**Exercise:**
For this exercise, restate the data below with no change at all.

**Material supplied:**
↓
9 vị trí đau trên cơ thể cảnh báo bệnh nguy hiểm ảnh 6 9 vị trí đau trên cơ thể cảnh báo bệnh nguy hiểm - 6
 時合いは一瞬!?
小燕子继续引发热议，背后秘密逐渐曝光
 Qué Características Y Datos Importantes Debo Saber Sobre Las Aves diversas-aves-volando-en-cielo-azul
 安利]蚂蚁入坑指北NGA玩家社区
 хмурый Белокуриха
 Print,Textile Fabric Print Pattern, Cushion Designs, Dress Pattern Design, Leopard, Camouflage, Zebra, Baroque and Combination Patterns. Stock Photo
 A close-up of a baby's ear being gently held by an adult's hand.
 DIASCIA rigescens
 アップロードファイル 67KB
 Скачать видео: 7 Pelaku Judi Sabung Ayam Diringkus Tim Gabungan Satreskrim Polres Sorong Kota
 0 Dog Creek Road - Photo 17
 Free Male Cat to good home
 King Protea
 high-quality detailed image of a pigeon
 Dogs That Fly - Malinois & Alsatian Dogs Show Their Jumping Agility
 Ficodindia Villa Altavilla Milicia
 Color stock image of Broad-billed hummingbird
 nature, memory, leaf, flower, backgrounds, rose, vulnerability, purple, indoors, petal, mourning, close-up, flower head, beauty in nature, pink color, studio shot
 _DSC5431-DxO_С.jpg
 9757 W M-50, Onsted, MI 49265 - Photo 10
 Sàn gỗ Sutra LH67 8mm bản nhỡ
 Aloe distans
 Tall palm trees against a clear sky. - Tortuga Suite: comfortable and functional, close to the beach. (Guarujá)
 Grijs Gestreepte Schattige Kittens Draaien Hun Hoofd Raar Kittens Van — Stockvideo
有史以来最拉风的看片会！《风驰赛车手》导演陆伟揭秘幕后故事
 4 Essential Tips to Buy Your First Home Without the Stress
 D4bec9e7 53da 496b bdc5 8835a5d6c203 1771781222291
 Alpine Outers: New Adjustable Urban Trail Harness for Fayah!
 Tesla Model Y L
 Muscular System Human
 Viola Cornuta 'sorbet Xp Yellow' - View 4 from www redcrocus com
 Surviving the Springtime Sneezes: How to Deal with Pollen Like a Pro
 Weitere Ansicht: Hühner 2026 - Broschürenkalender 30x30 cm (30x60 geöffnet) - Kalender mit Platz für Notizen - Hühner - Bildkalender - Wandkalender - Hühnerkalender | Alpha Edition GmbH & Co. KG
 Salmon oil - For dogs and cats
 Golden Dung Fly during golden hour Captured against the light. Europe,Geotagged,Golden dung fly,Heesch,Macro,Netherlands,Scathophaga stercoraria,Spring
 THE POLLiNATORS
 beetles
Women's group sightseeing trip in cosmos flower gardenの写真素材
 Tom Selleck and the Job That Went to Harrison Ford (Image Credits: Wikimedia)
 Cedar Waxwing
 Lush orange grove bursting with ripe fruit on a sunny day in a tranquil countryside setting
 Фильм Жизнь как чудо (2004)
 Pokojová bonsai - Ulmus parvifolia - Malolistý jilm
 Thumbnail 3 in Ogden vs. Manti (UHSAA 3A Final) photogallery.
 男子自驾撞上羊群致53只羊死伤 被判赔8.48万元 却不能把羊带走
↑
**Your solution:**
9 vị trí đau trên cơ thể cảnh báo bệnh nguy hiểm ảnh 6 9 vị trí đau trên cơ thể cảnh báo bệnh nguy hiểm - 6
 時合いは一瞬!?
小燕子继续引发热议，背后秘密逐渐曝光
 Qué Características Y Datos Importantes Debo Saber Sobre Las Aves diversas-aves-volando-en-cielo-azul
 安利]蚂蚁入坑指北NGA玩家社区
 хмурый Белокуриха
 Print,Textile Fabric Print Pattern, Cushion Designs, Dress Pattern Design, Leopard, Camouflage, Zebra, Baroque and Combination Patterns. Stock Photo
 A close-up of a baby's ear being gently held by an adult's hand.
 DIASCIA rigescens
 アップロードファイル 67KB
 Скачать видео: 7 Pelaku Judi Sabung Ayam Diringkus Tim Gabungan Satreskrim Polres Sorong Kota
 0 Dog Creek Road - Photo 17
 Free Male Cat to good home
 King Protea
 high-quality detailed image of a pigeon
 Dogs That Fly - Malinois & Alsatian Dogs Show Their Jumping Agility
 Ficodindia Villa Altavilla Milicia
 Color stock image of Broad-billed hummingbird
 nature, memory, leaf, flower, backgrounds, rose, vulnerability, purple, indoors, petal, mourning, close-up, flower head, beauty in nature, pink color, studio shot
 _DSC5431-DxO_С.jpg
 9757 W M-50, Onsted, MI 49265 - Photo 10
 Sàn gỗ Sutra LH67 8mm bản nhỡ
 Aloe distans
 Tall palm trees against a clear sky. - Tortuga Suite: comfortable and functional, close to the beach. (Guarujá)
 Grijs Gestreepte Schattige Kittens Draaien Hun Hoofd Raar Kittens Van — Stockvideo
有史以来最拉风的看片会！《风驰赛车手》导演陆伟揭秘幕后故事
 4 Essential Tips to Buy Your First Home Without the Stress
 D4bec9e7 53da 496b bdc5 8835a5d6c203 1771781222291
 Alpine Outers: New Adjustable Urban Trail Harness for Fayah!
 Tesla Model Y L
 Muscular System Human
 Viola Cornuta 'sorbet Xp Yellow' - View 4 from www redcrocus com
 Surviving the Springtime Sneezes: How to Deal with Pollen Like a Pro
 Weitere Ansicht: Hühner 2026 - Broschürenkalender 30x30 cm (30x60 geöffnet) - Kalender mit Platz für Notizen - Hühner - Bildkalender - Wandkalender - Hühnerkalender | Alpha Edition GmbH & Co. KG
 Salmon oil - For dogs and cats
 Golden Dung Fly during golden hour Captured against the light. Europe,Geotagged,Golden dung fly,Heesch,Macro,Netherlands,Scathophaga stercoraria,Spring
 THE POLLiNATORS
 beetles
Women's group sightseeing trip in cosmos flower gardenの写真素材
 Tom Selleck and the Job That Went to Harrison Ford (Image Credits: Wikimedia)
 Cedar Waxwing
 Lush orange grove bursting with ripe fruit on a sunny day in a tranquil countryside setting
 Фильм Жизнь как чудо (2004)
 Pokojová bonsai - Ulmus parvifolia - Malolistý jilm
 Thumbnail 3 in Ogden vs. Manti (UHSAA 3A Final) photogallery.
 男子自驾撞上羊群致53只羊死伤 被判赔8.48万元 却不能把羊带走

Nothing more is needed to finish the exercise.